── Dataset extract
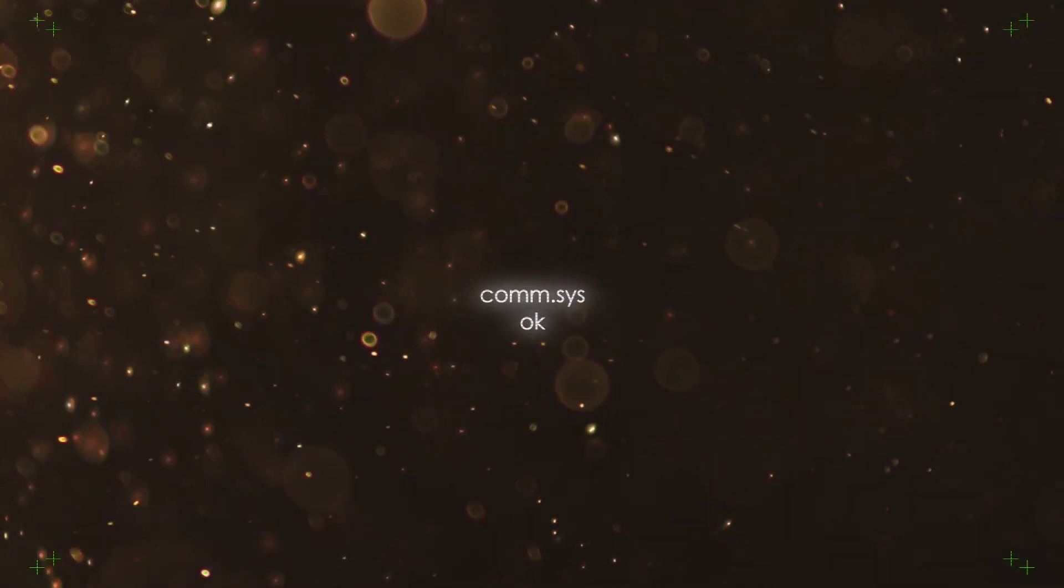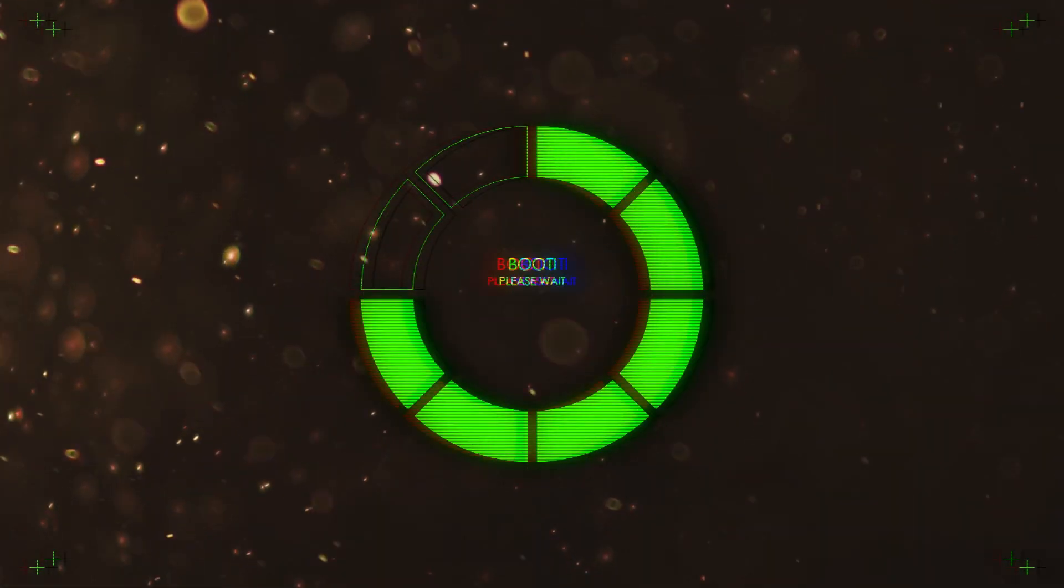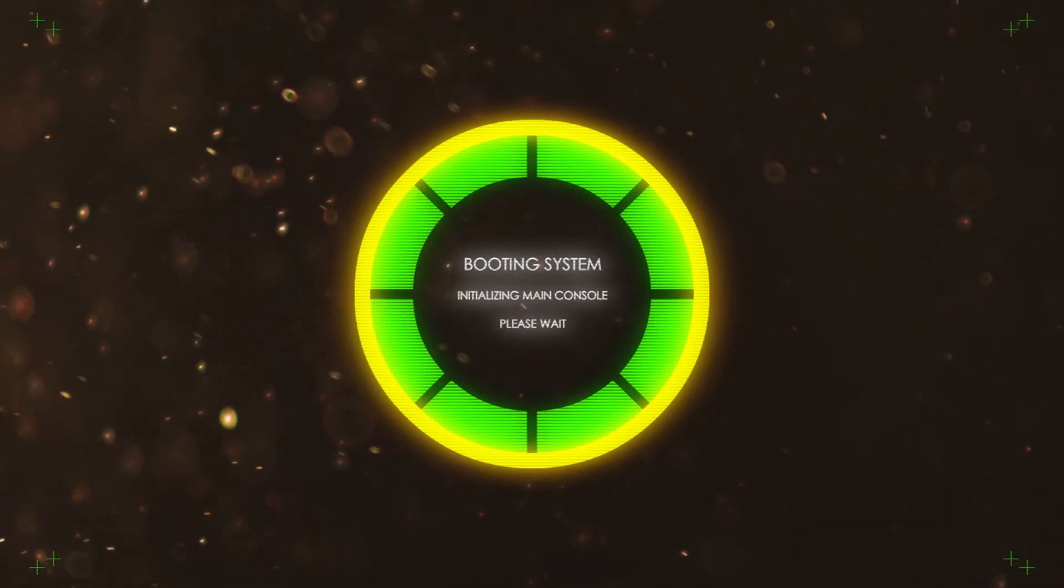All right folks, we all knew this was coming, so drop everything you're doing and listen up. All that we've been working for has led to this moment.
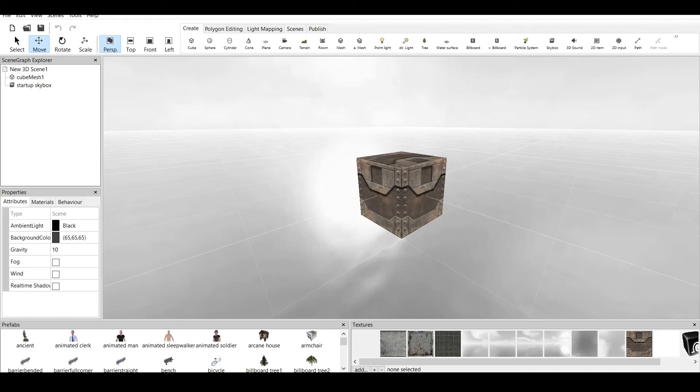Hi everyone, it's Niven, and today I am making a Coppercube 6 tutorial video. Coppercube 6 is a game engine which is available for free to download, link is in the description.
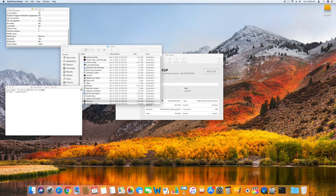In the Terminal application, we'll want to go ahead and type in the special command to reformat your external hard drive or thumb drive. I'll explain each part of the command as we proceed here. If you need to copy the command, we have also included it in the description of this video. Please remember that this command must be typed in exactly as you see it here.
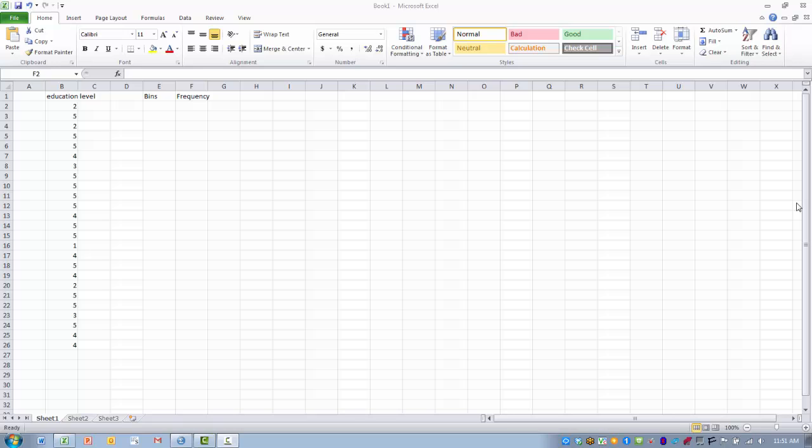In this video, I will demonstrate how to perform the frequency function. The frequency function generates frequencies for a set of values.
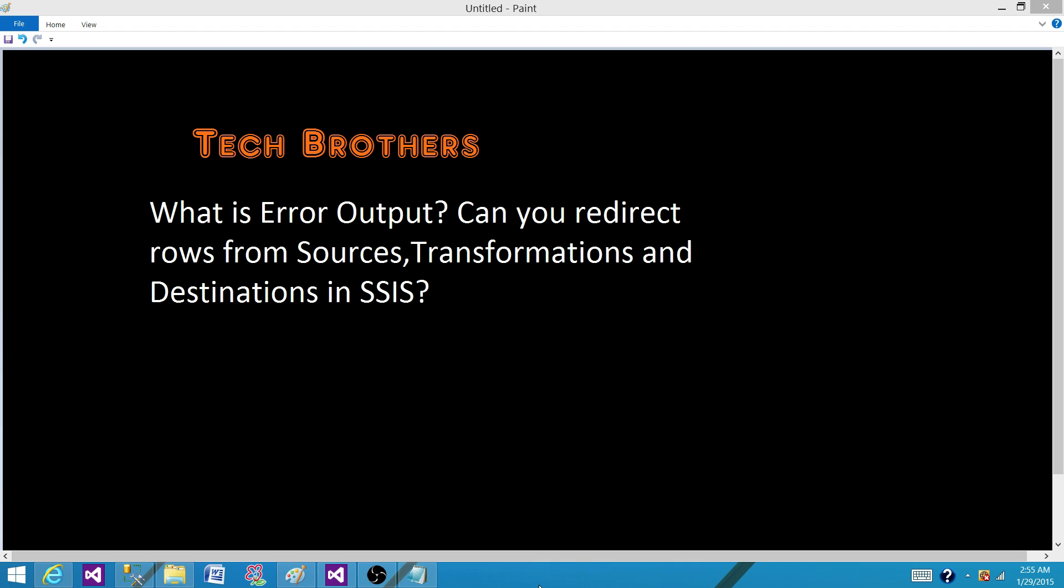And in the transformations, when it comes to the data conversion transformation, we can redirect the rows if the data conversion we apply on the column and the value does not or cannot be converted. So in those cases, we can redirect those rows or if the truncation error happened.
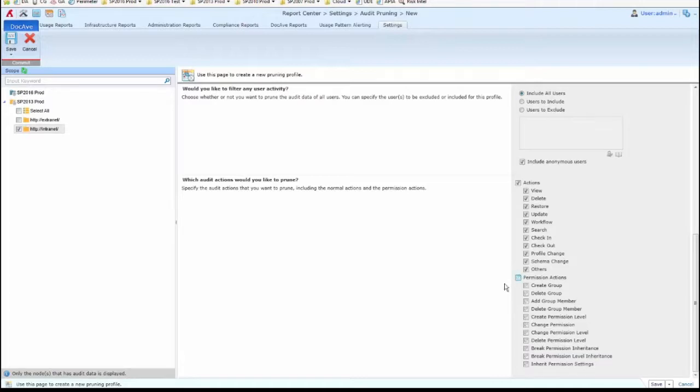As an example, perhaps I don't want to delete any of the permission actions. That could be for compliance reviews, as an example.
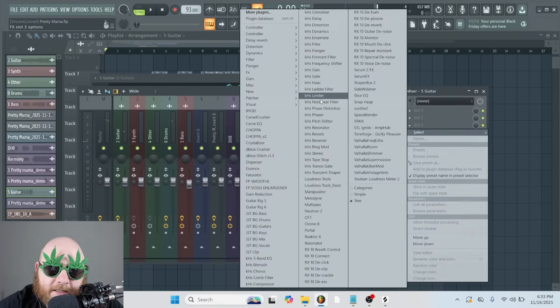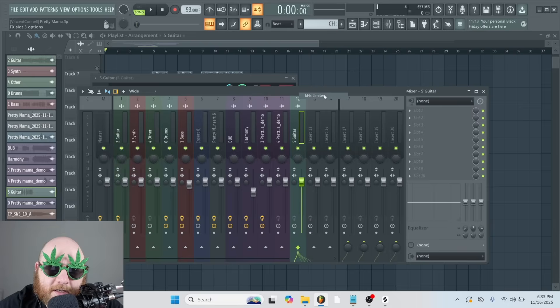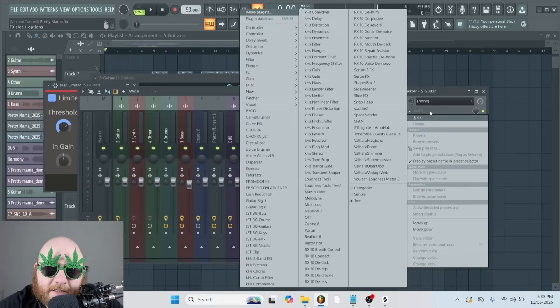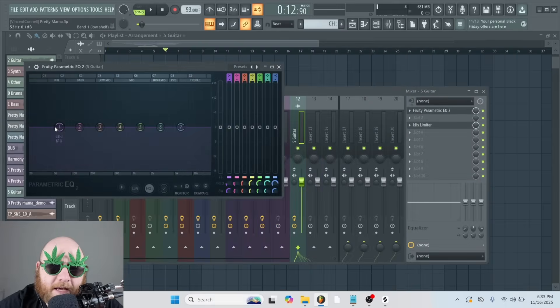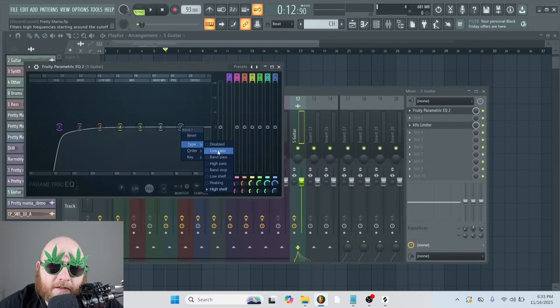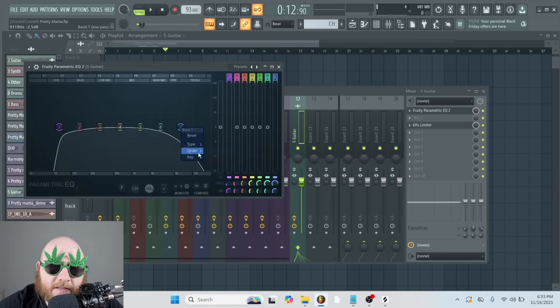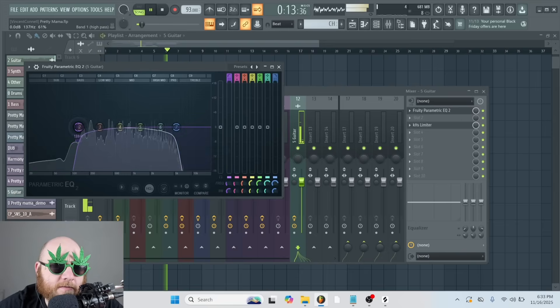Oh, and let's also take this guitar that comes in every now and then. We're just going to low pass it and high pass it. So that way it sounds a little bit more tucked in the background.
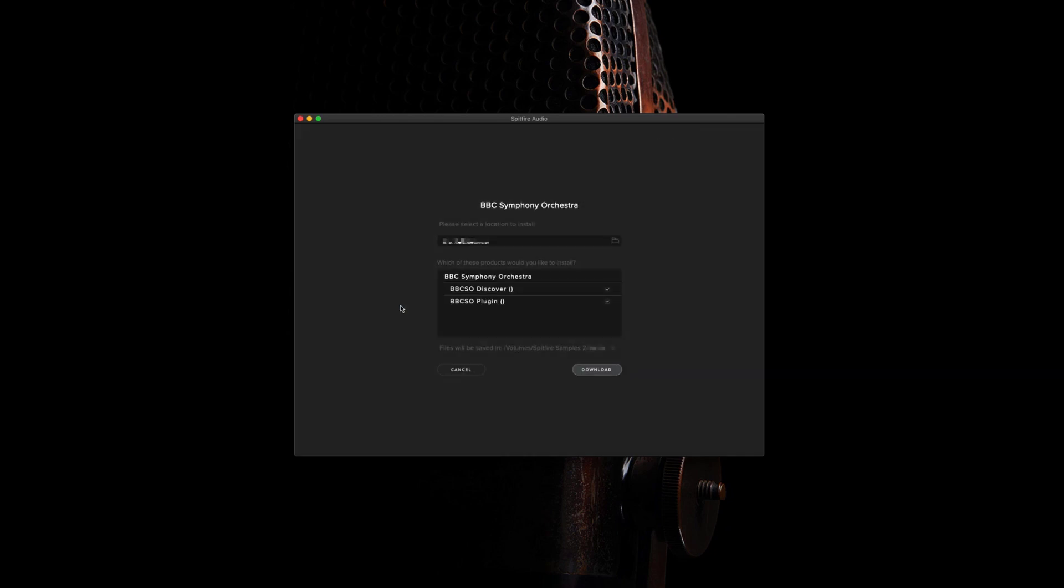The first box here will allow you to change the install location of the library. As well as this, make sure that both Discover and the plugin are ticked, and then you can press download.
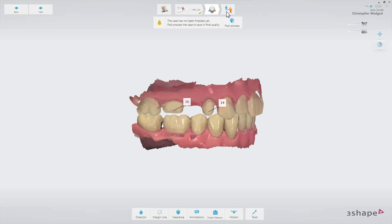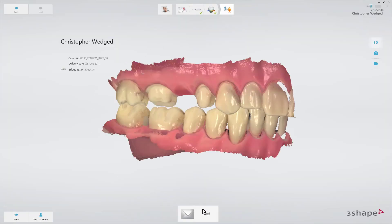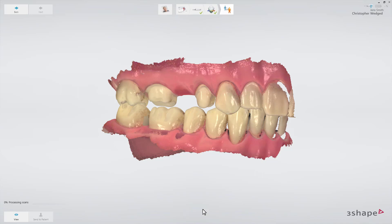Finally, switch to the send page. After verifying the order, press the send button. Now you know the workflow for a bridge case. Thank you for watching.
────
Description of the task » There should be an exact restatement of the lines from the line with "And in the transformations, when" through the last line of the entries above, and no pictures in it.

The answer »
And in the transformations, when it comes to the data conversion transformation, we can redirect the rows if the data conversion we apply on the column and the value does not or cannot be converted. So in those cases, we can redirect those rows or if the truncation error happened.
As an example, perhaps I don't want to delete any of the permission actions. That could be for compliance reviews, as an example.
Oh, and let's also take this guitar that comes in every now and then. We're just going to low pass it and high pass it. So that way it sounds a little bit more tucked in the background.
The first box here will allow you to change the install location of the library. As well as this, make sure that both Discover and the plugin are ticked, and then you can press download.
Finally, switch to the send page. After verifying the order, press the send button. Now you know the workflow for a bridge case. Thank you for watching.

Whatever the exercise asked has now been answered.